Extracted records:
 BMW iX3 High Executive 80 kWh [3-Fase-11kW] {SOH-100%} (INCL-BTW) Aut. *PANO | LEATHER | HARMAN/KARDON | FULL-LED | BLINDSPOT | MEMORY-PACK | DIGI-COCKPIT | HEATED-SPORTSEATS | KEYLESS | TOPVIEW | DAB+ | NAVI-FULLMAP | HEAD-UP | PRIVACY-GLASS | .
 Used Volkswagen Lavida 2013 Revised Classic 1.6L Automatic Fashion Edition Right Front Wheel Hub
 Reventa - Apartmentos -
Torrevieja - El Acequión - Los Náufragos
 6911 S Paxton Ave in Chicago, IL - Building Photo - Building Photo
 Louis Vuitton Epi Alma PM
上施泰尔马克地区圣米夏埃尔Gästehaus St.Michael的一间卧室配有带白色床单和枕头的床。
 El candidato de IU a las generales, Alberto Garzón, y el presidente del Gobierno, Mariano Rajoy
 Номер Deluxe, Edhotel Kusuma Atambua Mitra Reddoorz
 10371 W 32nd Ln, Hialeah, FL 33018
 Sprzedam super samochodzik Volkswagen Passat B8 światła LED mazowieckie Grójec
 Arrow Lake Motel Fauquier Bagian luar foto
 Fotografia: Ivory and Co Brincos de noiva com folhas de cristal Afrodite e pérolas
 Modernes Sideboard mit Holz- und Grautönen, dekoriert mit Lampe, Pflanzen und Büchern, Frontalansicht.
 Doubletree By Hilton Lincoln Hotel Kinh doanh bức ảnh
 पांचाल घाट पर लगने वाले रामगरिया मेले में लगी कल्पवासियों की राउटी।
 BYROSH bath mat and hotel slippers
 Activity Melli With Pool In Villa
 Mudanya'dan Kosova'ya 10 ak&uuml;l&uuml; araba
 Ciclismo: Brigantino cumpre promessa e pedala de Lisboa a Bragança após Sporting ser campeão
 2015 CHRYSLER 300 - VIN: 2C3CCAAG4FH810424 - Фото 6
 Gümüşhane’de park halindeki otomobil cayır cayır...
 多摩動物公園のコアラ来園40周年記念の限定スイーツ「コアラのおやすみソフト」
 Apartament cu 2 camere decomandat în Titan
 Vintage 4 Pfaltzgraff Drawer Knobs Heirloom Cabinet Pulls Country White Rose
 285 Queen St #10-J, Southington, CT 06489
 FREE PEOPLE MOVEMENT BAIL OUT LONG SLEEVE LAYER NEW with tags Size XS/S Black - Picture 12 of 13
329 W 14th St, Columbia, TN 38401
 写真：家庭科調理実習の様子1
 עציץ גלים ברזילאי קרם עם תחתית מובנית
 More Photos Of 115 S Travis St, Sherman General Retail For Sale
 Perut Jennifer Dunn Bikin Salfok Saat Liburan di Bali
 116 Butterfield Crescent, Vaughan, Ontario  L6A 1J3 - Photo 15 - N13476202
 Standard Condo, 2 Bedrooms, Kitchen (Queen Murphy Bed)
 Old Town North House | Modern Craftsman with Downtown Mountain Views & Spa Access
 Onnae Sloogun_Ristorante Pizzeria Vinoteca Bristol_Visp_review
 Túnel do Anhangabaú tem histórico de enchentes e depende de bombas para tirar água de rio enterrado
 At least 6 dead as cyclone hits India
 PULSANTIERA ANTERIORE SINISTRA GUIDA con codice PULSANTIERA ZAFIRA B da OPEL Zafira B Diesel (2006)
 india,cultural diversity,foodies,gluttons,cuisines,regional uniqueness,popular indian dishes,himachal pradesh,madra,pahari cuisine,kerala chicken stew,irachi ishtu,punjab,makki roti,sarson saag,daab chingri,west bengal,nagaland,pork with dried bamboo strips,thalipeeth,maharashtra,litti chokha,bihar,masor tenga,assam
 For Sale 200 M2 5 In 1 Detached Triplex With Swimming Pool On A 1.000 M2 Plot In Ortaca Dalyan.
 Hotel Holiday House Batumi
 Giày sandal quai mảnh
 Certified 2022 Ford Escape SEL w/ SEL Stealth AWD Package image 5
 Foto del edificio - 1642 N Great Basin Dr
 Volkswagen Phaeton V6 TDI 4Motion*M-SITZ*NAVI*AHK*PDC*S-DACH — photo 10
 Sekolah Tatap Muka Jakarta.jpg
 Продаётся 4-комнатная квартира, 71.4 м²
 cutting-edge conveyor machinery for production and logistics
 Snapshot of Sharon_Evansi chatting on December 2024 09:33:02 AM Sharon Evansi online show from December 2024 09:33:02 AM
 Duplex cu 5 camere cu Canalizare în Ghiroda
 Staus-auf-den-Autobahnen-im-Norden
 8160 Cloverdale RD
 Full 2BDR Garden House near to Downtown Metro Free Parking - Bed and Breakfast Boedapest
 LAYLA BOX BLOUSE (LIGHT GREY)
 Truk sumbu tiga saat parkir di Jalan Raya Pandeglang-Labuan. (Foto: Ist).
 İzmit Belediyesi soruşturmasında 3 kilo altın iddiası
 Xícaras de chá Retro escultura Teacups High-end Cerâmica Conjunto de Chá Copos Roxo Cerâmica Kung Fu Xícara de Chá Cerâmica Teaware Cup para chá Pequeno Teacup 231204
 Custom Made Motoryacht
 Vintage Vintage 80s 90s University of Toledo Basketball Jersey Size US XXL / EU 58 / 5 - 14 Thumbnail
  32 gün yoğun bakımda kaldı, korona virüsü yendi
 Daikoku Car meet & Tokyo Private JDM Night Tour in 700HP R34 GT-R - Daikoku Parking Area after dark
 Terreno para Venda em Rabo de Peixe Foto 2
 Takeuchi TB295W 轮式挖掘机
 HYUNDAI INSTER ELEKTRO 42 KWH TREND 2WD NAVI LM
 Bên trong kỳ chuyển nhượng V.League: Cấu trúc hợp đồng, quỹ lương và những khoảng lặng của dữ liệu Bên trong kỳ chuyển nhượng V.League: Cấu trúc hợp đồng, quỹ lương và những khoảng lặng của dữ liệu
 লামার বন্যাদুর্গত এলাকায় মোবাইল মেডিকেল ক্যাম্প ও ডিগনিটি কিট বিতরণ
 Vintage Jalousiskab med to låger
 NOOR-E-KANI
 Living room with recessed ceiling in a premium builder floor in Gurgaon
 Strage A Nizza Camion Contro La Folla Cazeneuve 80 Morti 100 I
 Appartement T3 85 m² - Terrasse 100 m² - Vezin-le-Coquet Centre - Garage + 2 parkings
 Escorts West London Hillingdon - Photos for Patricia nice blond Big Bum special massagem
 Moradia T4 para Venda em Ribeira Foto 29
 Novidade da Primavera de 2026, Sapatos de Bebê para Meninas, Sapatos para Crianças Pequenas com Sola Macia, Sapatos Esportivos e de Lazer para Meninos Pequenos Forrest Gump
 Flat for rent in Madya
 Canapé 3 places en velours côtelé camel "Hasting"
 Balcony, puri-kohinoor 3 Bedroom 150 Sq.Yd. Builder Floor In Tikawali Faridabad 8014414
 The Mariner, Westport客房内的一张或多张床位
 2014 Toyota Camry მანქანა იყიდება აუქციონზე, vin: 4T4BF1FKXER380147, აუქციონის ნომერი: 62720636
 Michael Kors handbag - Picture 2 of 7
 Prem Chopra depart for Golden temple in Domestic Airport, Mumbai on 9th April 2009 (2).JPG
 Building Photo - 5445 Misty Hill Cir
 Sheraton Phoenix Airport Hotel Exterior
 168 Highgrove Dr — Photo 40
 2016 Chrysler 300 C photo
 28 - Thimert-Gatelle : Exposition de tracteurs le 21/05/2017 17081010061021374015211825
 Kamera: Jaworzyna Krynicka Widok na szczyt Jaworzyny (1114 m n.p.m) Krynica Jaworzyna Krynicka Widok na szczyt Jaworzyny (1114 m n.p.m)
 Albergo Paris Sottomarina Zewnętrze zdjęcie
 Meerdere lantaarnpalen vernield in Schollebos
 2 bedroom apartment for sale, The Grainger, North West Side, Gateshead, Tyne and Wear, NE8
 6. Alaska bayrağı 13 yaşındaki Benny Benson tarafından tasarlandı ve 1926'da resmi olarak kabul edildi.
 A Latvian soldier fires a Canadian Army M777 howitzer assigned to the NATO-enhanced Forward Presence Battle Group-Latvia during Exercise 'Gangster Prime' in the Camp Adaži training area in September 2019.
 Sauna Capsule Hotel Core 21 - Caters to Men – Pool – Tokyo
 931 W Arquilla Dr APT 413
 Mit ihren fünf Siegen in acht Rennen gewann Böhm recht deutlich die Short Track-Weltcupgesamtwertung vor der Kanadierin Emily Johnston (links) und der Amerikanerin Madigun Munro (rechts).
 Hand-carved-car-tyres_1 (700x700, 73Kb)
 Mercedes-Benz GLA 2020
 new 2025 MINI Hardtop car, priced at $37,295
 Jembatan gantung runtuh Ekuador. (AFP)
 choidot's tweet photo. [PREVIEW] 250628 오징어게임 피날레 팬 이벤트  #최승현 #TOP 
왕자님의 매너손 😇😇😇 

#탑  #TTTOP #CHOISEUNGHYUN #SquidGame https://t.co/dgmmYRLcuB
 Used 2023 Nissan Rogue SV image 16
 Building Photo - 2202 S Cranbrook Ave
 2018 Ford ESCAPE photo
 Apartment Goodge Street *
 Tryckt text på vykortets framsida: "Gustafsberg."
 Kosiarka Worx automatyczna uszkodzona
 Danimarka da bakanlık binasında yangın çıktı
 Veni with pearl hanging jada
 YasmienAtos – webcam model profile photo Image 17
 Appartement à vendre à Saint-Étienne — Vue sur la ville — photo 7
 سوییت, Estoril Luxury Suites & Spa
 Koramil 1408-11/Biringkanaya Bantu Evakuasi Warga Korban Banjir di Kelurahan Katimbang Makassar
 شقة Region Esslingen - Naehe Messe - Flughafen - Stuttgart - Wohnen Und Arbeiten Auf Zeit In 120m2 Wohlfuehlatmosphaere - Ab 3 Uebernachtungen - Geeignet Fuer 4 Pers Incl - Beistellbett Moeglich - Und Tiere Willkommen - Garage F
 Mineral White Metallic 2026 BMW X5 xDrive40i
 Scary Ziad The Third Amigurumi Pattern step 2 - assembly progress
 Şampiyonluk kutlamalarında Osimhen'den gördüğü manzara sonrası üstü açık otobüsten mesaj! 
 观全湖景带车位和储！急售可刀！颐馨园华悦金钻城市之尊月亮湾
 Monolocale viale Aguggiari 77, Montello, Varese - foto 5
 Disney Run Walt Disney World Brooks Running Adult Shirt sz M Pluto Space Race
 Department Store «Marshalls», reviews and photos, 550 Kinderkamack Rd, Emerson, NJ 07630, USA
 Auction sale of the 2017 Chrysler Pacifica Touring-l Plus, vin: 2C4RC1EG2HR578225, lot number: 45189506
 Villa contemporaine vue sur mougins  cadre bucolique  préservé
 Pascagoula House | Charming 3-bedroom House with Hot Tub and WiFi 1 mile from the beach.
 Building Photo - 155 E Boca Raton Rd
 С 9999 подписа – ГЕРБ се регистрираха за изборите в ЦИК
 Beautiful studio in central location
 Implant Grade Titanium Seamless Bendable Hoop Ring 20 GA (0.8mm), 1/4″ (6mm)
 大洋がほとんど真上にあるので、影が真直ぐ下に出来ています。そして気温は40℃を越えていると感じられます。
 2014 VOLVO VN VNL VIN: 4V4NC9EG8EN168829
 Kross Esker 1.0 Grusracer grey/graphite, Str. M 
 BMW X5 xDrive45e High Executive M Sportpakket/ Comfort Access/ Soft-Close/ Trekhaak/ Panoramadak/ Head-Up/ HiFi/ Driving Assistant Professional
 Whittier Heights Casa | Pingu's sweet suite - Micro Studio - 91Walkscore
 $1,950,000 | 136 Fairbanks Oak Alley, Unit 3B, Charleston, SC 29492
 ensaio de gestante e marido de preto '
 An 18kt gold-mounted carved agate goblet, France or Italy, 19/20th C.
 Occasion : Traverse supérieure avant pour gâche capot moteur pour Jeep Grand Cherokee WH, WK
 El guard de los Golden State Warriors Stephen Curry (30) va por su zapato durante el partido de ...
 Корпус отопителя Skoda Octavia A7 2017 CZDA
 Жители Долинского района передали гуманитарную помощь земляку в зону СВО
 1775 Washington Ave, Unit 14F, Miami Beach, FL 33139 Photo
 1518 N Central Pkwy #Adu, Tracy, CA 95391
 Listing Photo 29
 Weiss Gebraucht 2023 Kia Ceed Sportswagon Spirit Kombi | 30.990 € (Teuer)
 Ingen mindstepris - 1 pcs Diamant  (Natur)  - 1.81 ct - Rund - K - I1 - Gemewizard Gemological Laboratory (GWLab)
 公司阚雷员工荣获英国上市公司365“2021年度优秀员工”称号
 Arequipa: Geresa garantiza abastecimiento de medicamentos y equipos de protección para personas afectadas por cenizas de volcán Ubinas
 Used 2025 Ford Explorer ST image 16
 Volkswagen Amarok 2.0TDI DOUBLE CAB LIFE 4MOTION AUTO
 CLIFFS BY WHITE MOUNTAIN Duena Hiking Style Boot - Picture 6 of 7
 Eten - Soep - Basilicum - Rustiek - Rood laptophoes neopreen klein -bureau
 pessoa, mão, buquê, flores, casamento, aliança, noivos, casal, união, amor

■ What you have to do: Return, word for word, the lines of the data above from the line with "ensaio de gestante e marido de preto '" through the line with "Arequipa: Geresa garantiza", inclusive.

■ Response to this exercise:
 ensaio de gestante e marido de preto '
 An 18kt gold-mounted carved agate goblet, France or Italy, 19/20th C.
 Occasion : Traverse supérieure avant pour gâche capot moteur pour Jeep Grand Cherokee WH, WK
 El guard de los Golden State Warriors Stephen Curry (30) va por su zapato durante el partido de ...
 Корпус отопителя Skoda Octavia A7 2017 CZDA
 Жители Долинского района передали гуманитарную помощь земляку в зону СВО
 1775 Washington Ave, Unit 14F, Miami Beach, FL 33139 Photo
 1518 N Central Pkwy #Adu, Tracy, CA 95391
 Listing Photo 29
 Weiss Gebraucht 2023 Kia Ceed Sportswagon Spirit Kombi | 30.990 € (Teuer)
 Ingen mindstepris - 1 pcs Diamant  (Natur)  - 1.81 ct - Rund - K - I1 - Gemewizard Gemological Laboratory (GWLab)
 公司阚雷员工荣获英国上市公司365“2021年度优秀员工”称号
 Arequipa: Geresa garantiza abastecimiento de medicamentos y equipos de protección para personas afectadas por cenizas de volcán Ubinas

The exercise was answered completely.